Причём надо понимать, что это было за путешествие! Это сейчас берёшь билет в Домодедово и без пересадки летишь до Магадана. А тогда нужно было поездом доехать до Владивостока, в бухте Золотой Рог сесть на корабль, набитый людьми сверху донизу, и плыть в бухту Нагаева. А уже оттуда по Колымской трассе на попутках добираться до приисков. Мама проделала весь этот путь. Она ехала к отцу, которого ни разу в жизни не видела. Ехала она выходить замуж.
- Как такое может быть?
- Очень просто… Кончилась война. Мужики не вернулись. А моя мама - старая дева, ей было уже за тридцать! Надо было устраивать судьбу. По счастью, её сестра работала в школе. Там же работал брат отца. Слово за слово: "А у меня там брат". - "А у меня тут сестра". - "А давай их сведём!" Начали переписываться… Ведь нынешние зэки тоже пишут письма женщинам на волю. Но сейчас у них не складывается, потому что пишут уголовники. А на политических такого клейма не было. Они считались нормальными женихами, ведь все же всё знали и понимали! А папа у меня самоучка, почерк у него красивый был, слова умные знал. И видно, в письмах у них с мамой что-то случилось.
Когда я впервые увидел зэковскую
фотографию, которую папа вложил в конверт и послал маме в Оршу, чуть не прослезился. Это же несчастье какое-то! Лысый, глаза беспомощные, потому что зрение у него было минус семь, а сниматься надо было без очков. При этом глаза очень близко посажены. Ну чистый еврей!.. Я потом спрашивал маму: как же ты не испугалась? Почему поехала на край земли к незнакомому человеку? Она сказала, что по письмам он ей очень понравился. Мать с отцом никогда не расставались. Только раз в жизни мама одна съездила в Ессентуки, и думаю, эта разлука была самым ужасным временем в их жизни. Сказать, что они никогда не ругались, я не могу, но ругань эта была совершенно анекдотическая, абсолютно еврейская! Ссорясь, они тут же переходили на идиш. Когда у папы заканчивались аргументы, он заходился в крике: "Ну Рая, но ей-же Богу!.." Это было самым страшным его ругательством.

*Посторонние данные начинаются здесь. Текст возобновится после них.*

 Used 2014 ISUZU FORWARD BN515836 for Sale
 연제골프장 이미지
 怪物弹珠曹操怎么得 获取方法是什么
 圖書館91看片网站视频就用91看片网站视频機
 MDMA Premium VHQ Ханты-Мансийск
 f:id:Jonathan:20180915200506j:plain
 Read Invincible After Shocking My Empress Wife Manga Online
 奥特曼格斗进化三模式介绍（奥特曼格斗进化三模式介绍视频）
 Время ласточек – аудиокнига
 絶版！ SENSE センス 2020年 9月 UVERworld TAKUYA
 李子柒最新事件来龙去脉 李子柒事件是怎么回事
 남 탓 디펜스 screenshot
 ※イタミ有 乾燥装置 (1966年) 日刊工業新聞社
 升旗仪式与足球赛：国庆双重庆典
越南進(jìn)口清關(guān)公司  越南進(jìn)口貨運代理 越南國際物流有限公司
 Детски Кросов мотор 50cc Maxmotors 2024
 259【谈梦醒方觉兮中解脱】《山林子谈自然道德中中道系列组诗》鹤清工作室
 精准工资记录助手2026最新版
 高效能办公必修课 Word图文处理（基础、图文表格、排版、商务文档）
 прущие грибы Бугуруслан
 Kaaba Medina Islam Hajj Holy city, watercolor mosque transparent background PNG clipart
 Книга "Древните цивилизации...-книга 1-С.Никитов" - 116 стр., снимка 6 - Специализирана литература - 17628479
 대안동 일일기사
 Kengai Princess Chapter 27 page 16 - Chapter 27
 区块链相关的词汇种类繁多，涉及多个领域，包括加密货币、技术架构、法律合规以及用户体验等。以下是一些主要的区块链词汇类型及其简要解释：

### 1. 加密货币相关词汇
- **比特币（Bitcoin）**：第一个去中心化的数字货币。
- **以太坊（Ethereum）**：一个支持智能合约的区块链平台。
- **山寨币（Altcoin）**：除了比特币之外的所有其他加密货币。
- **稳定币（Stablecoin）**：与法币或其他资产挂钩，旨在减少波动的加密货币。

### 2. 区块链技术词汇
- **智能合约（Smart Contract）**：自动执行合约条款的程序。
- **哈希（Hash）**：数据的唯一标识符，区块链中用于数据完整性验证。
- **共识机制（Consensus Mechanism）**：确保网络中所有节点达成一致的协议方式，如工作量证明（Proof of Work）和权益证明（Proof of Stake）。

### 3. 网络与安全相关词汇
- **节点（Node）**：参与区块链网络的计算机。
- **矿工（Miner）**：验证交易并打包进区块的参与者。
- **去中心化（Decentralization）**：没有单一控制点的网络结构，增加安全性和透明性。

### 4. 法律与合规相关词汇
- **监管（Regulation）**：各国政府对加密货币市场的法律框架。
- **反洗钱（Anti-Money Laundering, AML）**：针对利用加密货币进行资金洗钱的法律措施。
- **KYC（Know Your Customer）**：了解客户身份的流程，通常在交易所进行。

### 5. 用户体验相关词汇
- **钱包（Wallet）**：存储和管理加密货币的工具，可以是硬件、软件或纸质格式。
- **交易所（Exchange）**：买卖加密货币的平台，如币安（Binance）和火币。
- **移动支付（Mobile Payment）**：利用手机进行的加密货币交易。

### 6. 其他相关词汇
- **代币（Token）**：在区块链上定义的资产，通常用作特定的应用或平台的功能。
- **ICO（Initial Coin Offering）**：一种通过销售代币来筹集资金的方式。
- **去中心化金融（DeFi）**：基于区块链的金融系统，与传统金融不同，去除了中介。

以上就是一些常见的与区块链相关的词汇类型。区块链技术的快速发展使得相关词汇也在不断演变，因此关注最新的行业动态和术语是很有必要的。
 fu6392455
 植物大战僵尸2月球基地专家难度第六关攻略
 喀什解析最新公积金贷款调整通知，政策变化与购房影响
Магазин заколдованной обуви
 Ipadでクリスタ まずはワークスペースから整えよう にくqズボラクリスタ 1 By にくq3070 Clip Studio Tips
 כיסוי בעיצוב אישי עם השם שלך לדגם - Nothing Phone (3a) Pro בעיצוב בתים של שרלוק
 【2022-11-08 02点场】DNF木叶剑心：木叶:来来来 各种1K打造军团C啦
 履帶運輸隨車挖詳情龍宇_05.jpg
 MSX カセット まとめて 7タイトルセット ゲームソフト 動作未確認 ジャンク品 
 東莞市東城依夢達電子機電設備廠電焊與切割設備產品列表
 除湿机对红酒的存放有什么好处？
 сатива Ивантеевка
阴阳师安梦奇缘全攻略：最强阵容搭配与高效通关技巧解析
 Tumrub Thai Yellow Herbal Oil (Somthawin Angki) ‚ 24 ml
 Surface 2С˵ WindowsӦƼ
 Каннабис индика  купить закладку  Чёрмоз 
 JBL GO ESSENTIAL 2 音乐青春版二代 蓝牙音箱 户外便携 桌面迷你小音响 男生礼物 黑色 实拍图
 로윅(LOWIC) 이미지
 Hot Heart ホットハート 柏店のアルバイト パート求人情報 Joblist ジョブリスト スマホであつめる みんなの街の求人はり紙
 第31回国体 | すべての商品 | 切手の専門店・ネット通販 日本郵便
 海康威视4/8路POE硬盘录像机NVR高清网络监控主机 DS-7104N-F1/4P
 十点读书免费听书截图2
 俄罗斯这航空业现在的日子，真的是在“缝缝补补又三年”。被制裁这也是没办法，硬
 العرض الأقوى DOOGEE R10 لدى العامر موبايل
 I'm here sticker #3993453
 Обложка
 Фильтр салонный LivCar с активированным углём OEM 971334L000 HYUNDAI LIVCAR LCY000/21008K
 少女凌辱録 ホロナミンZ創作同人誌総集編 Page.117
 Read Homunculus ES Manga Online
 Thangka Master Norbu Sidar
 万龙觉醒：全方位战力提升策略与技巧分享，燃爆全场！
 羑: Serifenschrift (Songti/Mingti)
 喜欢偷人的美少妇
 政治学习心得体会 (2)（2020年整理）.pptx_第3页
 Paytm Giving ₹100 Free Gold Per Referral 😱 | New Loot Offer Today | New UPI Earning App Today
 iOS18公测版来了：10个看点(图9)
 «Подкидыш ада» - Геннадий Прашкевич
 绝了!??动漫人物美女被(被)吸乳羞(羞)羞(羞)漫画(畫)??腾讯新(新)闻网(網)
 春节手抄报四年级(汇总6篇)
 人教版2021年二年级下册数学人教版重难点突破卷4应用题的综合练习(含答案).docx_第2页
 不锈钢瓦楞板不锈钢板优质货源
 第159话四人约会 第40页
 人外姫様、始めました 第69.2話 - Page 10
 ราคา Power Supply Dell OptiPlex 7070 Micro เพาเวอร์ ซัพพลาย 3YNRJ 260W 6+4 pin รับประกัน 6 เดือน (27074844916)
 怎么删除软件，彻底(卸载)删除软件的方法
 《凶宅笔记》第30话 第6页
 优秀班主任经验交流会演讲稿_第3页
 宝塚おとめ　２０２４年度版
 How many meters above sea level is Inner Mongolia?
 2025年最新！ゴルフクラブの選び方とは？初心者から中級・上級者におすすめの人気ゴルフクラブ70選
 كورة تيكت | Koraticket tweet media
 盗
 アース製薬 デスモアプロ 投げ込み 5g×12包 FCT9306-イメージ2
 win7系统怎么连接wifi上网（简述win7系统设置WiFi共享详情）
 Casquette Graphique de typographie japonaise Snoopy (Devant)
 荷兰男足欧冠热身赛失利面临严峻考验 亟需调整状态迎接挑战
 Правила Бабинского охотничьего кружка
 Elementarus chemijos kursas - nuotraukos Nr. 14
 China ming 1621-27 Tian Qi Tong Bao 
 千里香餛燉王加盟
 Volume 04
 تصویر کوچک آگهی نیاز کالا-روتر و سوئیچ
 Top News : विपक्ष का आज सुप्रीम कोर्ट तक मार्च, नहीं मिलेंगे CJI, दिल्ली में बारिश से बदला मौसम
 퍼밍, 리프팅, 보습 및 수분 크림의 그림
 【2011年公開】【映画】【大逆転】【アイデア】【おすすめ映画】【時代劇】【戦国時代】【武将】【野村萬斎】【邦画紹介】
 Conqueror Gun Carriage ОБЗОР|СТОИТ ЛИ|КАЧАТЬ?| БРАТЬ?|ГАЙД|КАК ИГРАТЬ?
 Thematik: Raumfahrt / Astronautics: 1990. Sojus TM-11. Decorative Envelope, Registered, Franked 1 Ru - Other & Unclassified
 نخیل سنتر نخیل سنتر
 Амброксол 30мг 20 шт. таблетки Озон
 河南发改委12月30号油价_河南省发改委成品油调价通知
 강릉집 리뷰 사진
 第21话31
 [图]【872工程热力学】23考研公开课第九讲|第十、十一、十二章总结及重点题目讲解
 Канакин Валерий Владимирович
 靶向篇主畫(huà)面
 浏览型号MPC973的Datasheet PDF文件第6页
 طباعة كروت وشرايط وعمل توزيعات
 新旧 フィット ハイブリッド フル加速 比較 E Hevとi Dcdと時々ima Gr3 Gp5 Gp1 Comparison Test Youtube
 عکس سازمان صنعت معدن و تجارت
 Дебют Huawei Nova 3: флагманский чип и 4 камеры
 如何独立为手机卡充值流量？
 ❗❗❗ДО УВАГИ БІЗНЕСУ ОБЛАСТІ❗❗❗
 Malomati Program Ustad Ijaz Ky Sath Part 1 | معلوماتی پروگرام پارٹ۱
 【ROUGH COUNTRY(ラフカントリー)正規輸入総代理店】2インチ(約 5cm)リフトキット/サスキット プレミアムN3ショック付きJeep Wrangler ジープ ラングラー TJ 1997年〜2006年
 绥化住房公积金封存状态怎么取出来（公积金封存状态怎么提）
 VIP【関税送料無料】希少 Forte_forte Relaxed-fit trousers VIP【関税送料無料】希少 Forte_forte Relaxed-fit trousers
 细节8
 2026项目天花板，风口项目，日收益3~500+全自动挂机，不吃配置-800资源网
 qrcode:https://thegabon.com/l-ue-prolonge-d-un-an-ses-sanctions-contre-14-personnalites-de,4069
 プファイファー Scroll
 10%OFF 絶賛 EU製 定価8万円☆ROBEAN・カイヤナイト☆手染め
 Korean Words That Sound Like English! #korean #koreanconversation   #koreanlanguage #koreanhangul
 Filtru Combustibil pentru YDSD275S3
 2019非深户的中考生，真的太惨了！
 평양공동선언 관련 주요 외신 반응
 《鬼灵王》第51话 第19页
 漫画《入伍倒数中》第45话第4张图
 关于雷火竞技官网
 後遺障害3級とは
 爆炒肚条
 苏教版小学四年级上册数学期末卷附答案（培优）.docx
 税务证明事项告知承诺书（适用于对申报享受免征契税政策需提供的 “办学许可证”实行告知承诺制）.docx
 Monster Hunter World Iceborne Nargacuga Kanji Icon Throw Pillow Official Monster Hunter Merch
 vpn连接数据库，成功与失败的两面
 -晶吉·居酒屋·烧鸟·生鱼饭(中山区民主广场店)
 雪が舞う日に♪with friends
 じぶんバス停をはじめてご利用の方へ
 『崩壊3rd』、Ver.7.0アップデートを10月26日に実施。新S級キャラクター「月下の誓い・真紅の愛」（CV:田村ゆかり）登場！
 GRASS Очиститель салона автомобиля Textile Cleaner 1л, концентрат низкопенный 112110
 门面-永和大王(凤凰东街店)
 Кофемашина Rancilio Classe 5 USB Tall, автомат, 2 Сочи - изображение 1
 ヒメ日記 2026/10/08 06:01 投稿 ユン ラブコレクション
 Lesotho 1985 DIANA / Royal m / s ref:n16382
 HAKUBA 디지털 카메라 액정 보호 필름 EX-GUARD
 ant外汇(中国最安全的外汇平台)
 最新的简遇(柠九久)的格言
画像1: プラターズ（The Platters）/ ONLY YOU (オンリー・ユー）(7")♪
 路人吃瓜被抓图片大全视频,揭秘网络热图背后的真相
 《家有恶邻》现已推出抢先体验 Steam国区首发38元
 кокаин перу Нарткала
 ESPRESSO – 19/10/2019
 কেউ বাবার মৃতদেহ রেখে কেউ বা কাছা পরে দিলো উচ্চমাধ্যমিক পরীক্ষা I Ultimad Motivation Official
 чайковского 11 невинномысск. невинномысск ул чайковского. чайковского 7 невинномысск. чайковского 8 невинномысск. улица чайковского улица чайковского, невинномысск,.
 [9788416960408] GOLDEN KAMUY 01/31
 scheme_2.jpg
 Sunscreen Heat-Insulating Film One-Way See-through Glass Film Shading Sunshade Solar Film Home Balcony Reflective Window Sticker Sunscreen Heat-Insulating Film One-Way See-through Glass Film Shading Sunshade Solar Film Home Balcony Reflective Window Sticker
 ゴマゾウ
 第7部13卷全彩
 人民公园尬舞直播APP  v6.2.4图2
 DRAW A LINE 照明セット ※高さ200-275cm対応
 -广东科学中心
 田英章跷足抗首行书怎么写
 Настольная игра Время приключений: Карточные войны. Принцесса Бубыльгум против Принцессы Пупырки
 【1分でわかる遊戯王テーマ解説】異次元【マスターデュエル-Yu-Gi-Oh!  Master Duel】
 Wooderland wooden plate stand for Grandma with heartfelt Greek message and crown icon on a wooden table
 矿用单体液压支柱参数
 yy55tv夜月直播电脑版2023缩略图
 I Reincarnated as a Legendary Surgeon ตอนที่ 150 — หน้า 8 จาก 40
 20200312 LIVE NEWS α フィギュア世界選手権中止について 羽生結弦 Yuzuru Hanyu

В общем, через год у мамы на Колыме родился мой старший брат Элька, который сейчас живёт в Израиле. Всё вроде бы складывалось нормально… Но если уж жизнь начала закручиваться по законам триллера, то и продолжается она соответственно - на небесах закону жанра верны… Вот уже реабилитирован отец и мама беременна вторым ребёнком. Но в посёлке Сусуман, где они жили, не было роддома. Родильное отделение километрах в сорока, в посёлке Нексикан. А так как мать была женой врага народа, её повезли рожать в кузове грузовика. Отца реабилитировали, но эта инерция ещё очень долго тянулась! Я прекрасно помню своё детское ощущение в 1961 году, что я из какой-то неправильной семьи… А в 1955-м реабилитация только начиналась. Так вот, мать повезли в кузове, а в кабине грузовика ехал по делам какой-то местный начальник. В кузове у матери начались схватки. Пока довезли, пока Марика вынули - а он уже и не дышит… Похоронили там же. Не знаю, был бы я на свете, если бы Марик выжил, потому что меня мама родила, когда ей был уже 41 год.
Брата своего старшего, кстати, я тоже долго не видел, потому что его отправили откармливаться к бабушке в Оршу. Он родился ослабленным, а продуктов на Колыме - ноль. Я, например, долго не знал, что хлеб бывает в батонах. Только в кирпичах. Когда в 1965 году мы приехали жить в Латвию, в Юрмалу, и я зашёл в хлебный магазин, со мной случился шок… О том, что существуют немороженные продукты, я тоже не знал. Несолёного масла у нас в продаже сроду не было. Иногда отец привозил его из Магадана, из командировки, и тогда мы делали шоколадное масло: растапливали в тазу, засыпали какао-порошок, мешали, потом выносили таз на улицу и ставили его в снег. И я видел, как на моих глазах густеет эта расплавленная масса, превращаясь в шоколадное масло… Но зато я знал, что такое жимолость и морошка. Ландшафт моего детства - или заснеженная пустыня за окном, или короткое колымское лето и сопки в ягодах…
- Я так поняла, что родители Вас не посвящали в ту часть своей жизни, где маленького Нахима ещё не было?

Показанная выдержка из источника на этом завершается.